Oh, ADVERTISERS will tell you it's about your complexion, your weight, your clothing, but really it's about your VIBE! What you RADIATE! What comes out of your CORE!
True artists speak from their core to yours. Hate to tell you Clive, but the label is just a MIDDLEMAN! Which is probably why all the tripe you sell nobody wants after its initial sales flourish. Whereas there are acts that NEVER had a hit whose records are still in demand THIRTY YEARS LATER!
Bruce Cockburn never really had a hit. But he's good enough that he's been able to maintain a career for DECADES!
And you never know...guys like this SURPRISE you. Suddenly they release records and they BLOW UP! And you can't really figure out why. Why NOW?
But one thing's for sure. People still want to SEE Bruce Cockburn. Because what he delivers live the modern acts don't.

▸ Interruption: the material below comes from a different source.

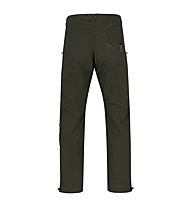 E9 Quadro SP - pantaloni arrampicata - uomo, Grey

Oh, Dave Matthews does. But ever notice that he always SELLS OUT!
People want to be touched. By music. There's an INCREDIBLE HUNGER amongst the populace. Obscured by a disinformation campaign led by the major labels and major media outlets. They tell us there's no demand for MUSIC! That people WANT tripe. That they REJECT quality.
I'd say they're keeping the real stuff from the peeps.
But the labels and media don't want the real stuff. Because real acts won't listen to the label, they won't appear at the radio show, they do what they want.
The era of real acts is returning. And those who will be left out are the scum at the major labels. Because they just don't GET IT! Oh, they THINK they do. Maybe they once did. But really, they're like Russians who joined the Communist Party because everybody else did. Whereas the rebels, the musicians, never gave in. A true musician NEVER sells out. Because this is the one and only thing he has, he doesn't want to FUCK WITH IT!
And until you realize it's about THIS, not remaking somebody for mass salability, you're FUCKED!